A bipolar neurone has a centrally placed cell body with one dendrite and one axon extending from it. This type is rare.
Describe pseudounipolar (unipolar) neurones.
Pseudounipolar neurones have a single process emerging from the cell body that divides into dendritic and axonal branches.
What are multipolar neurones, and what is their function?
Multipolar neurones are motor neurones and interneurons, primarily involved in efferent signals (motor output).
Where are bipolar neurones found, and what is their role?
Bipolar neurones are sensory neurones associated with special senses, like the retina of the eye, and transmit afferent signals.
What are pseudounipolar (unipolar) neurones, and where are they located?
seudounipolar neurones are sensory neurones. They are the primary afferents of spinal and cranial nerves, with cell bodies located in the dorsal root ganglia and cranial nerve ganglia.
What are upper motor neurones (UMNs), and where do they originate?
UMNs originate in the motor cortex or brainstem. They influence the excitability and output of lower motor neurones (LMNs).
What are lower motor neurones (LMNs), and where are they located?
LMNs are located in the ventral horn of the spinal cord or the cranial nerve nuclei of the brainstem and cranial nerves.
What is the role of lower motor neurones (LMNs)?
LMNs leave the central nervous system and bring motor signals to the muscles for movement.

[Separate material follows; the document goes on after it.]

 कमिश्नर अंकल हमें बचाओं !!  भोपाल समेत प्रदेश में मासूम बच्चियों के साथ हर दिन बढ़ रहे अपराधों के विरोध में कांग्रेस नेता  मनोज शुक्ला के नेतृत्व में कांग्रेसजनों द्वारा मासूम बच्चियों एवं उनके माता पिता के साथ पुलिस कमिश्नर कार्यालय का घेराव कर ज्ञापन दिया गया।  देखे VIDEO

What happens at the synapse between UMNs and LMNs?
Upper motor neurones synapse with lower motor neurones to transmit motor signals, enabling motor control.
Give an example of a condition involving motor neurone syndrome.
stroke and facial palsy.
What are the two sensory organs for proprioception?
Muscle spindles (located in muscles) and Golgi tendon organs (located in tendons).
How does tapping the patellar tendon activate motor neurones?
Tapping activates the Golgi tendon organ and muscle spindles in the quadriceps, stimulating motor neurones to extend the knee.